Ordinarily diplomatic—and cautious when criticizing companies they cover—analysts are blunt about Supervalu, a 150,000-employee grocery chain that sells under various brands, including Albertsons on the West Coast, Acme in Philadelphia, Jewel in Chicago, and Shaws in New England.
"I don't think they're going to be able to recover from their current challenges," says Karen Short, an analyst at BMO Capital Markets, who rates the shares "market perform."
"Their base business is in a very poor position," says Jefferies & Co. analyst Scott Mushkin, who says shareholders would probably be better off if the company were broken up and sold to competitors. He has a "hold" rating on the shares.
In second-quarter results reported on Oct. 19, Supervalu's same-store sales fell 6.4 percent and total sales dropped 8.5 percent, to $8.66 billion, vs. year-earlier results. As consumers defected to other retailers, the chain's customer count was down 3.9 percent from a year ago, a decline that Janney Capital Markets analyst Jonathan Feeney called "awful." Feeney gives the shares a "neutral" rating.
Minuscule Price-to-Earnings Ratio
In the counterintuitive world of stock investing, unanimous negativity can attract buyers looking for a deal. "Overpessimism is what attracts us to the stock," says Thomas Villalta, lead portfolio manager of the Jones Villalta Opportunity Fund (JVOFX), a Supervalu shareholder. He says the stock is "significantly undervalued."

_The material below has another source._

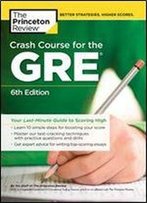 Crash Course For The Gre, 6th Edition: Your Last-Minute Guide To Scoring High (Graduate School Test Preparation)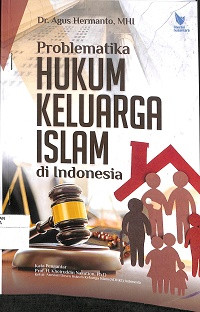 Image of PROBLEMATIKA HUKUM KELUARGA ISLAM DI INDONESIA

Supervalu shares are down 14 percent in 2010, compared to supermarket chains Kroger (KR) and Safeway (SWY), which are up 7.2 percent and 7.6 percent, respectively. For Supervalu, the price-to-earnings ratio, a common measure of valuation, is 6. For mass-market retail peers, the average p-e is 15, according to a Bloomberg data measure that includes Wal-Mart Stores (WMT), Kroger, Safeway, Whole Foods Market (WFMI), CVS Caremark (CVS), and Walgreen (WAG).
Craig Herkert, a former Wal-Mart executive, took over as Supervalu's chief executive officer in May 2009 and is trying to turn the company around by cutting costs, lowering prices, and paying down debt. "It may be too little, too late," says Ajay Jain, an analyst at Hapoalim Securities, who has a "neutral" rating on shares.
Analysts' list of concerns about Supervalu start with its debt load. At the end of the last quarter, the chain had $7.1 billion in total debt, most stemming from the acquisition of the Albertsons grocery chain in 2006, which more than doubled its sales while increasing its debt load sixfold.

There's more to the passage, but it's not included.